C. Croley's Motion for Judgment of Acquittal Based on the Evidence
Croley last argued during her oral motion for judgment of acquittal that there was insufficient evidence for a trier of fact to find that Count Three was violated as alleged. The Court does not agree. As stated above, the jury was instructed that in order to find Croley guilty for falsely stating Aaron Parrish struck her or to find Croley guilty of omitting Wiley Griffin's name, Croley's guilt must be determined by the evidence beyond a reasonable doubt. During trial, an audio recording was played where Croley said she was in a position to see anyone who hit Mr. Parrish when the deputies took him to the ground. Chip Nix and Robbie Webb testified that they saw Wiley Griffin, IV strike Aaron Parrish. Witnesses Brooke Brown, Vincent Edmonds, Brenda Stogner, and Parrish described Wiley Griffin, IV's involvement during the Bike Fest incident as well. Considering the evidence as a whole and after drawing all reasonable inferences supported by the evidence in favor of the government, the Court finds sufficient evidence for a rational jury to find that Croley intentionally omitted Wiley Griffin, IV from her reports and/or falsely stated that a civilian witnessed Aaron Parrish strike Croley.
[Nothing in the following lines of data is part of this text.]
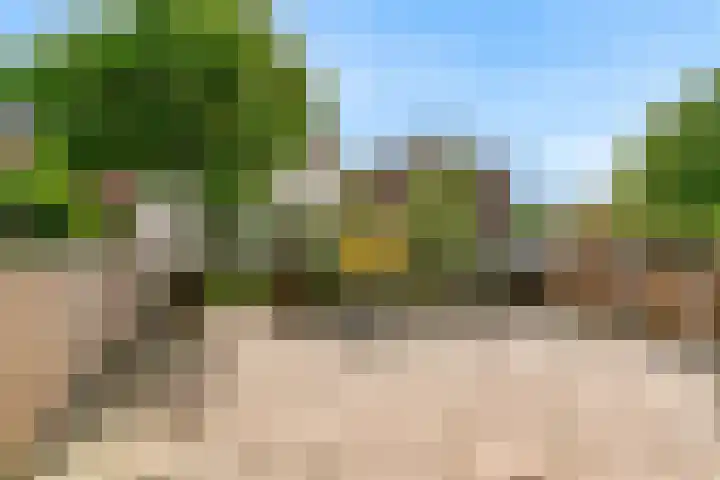 Hoge Morsweg 105 Leiden thumbnail 32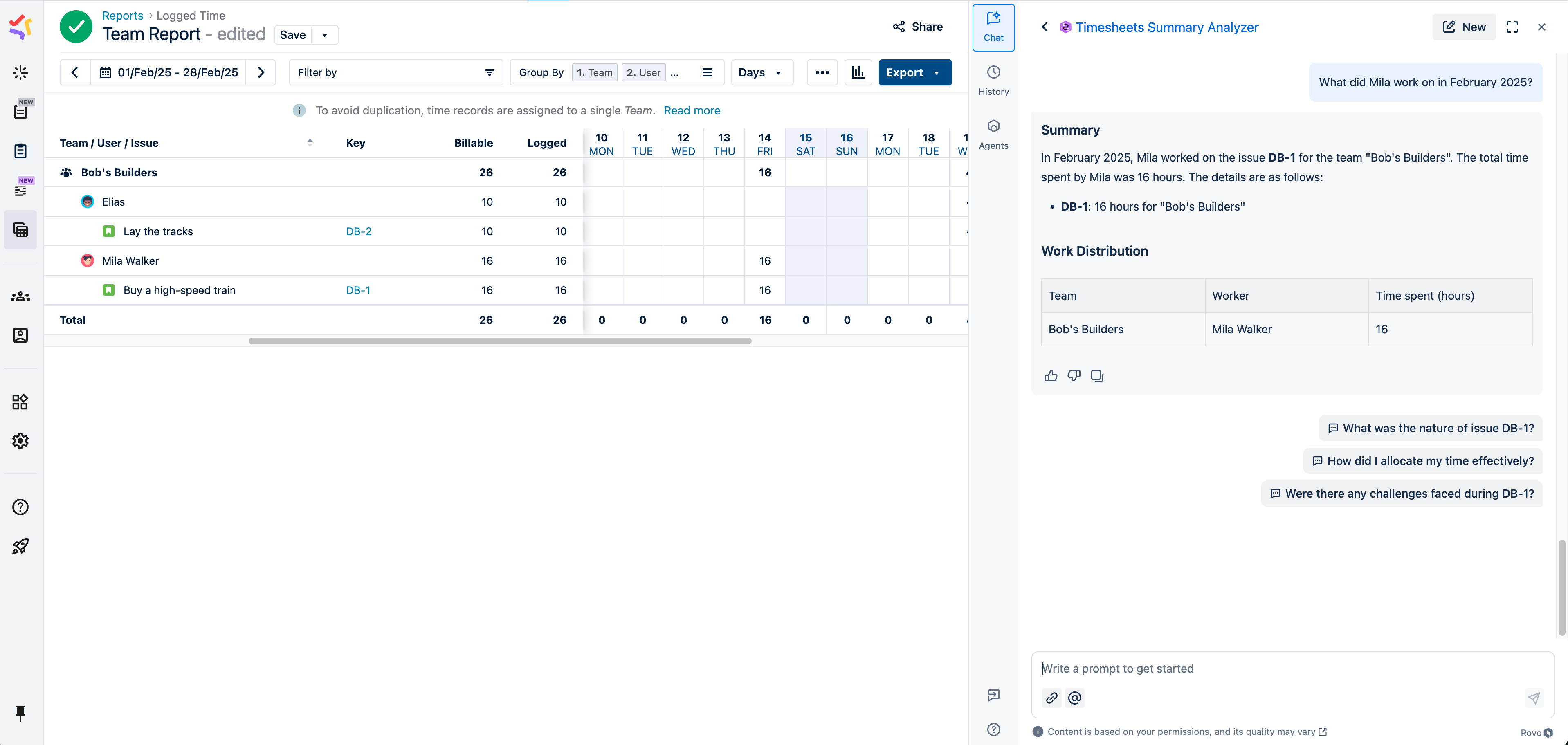 Screenshot 2025-03-10 at 21.09.40.png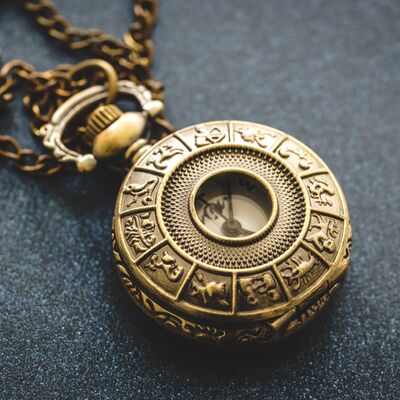 Psikolojik bir arketip olarak akrep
Relying essentially on the same evidence as discussed by the Court in the discussion of Count Two above, a rational jury could also find the exclusion and/or concealment of McIntyre's account of the incident intentional as well. McIntyre's statement to Croley claimed Green, not Parrish, hit Croley in the chest. Nevertheless, McIntyre's written statement was omitted by Croley in her disclosure to the District Attorney. Nothing presented during the Defendant's case-in-chief changes the Court's view that a rational trier could find beyond a reasonable doubt Croley guilty of allegations in Count Three. Based on the evidence as a whole, taking into account all the Government's evidence, the circumstances as shown by the evidence and all reasonable inferences shown by the evidence, the Court finds there was sufficient evidence to establish Defendant guilty of Count Three as alleged beyond a reasonable doubt. Croley's motion for judgment of acquittal based on the evidentiary record is denied.
CONCLUSION
For the aforementioned reasons along with the reasons stated in the Court's Orders addressing Defendants Kines and Umbach's motions (Docs. 251, 253) as applied to Croley, Croley's Motion for Judgment of Acquittal and Motion for New Trial are DENIED.
SO ORDERED, this 14th day of March, 2016.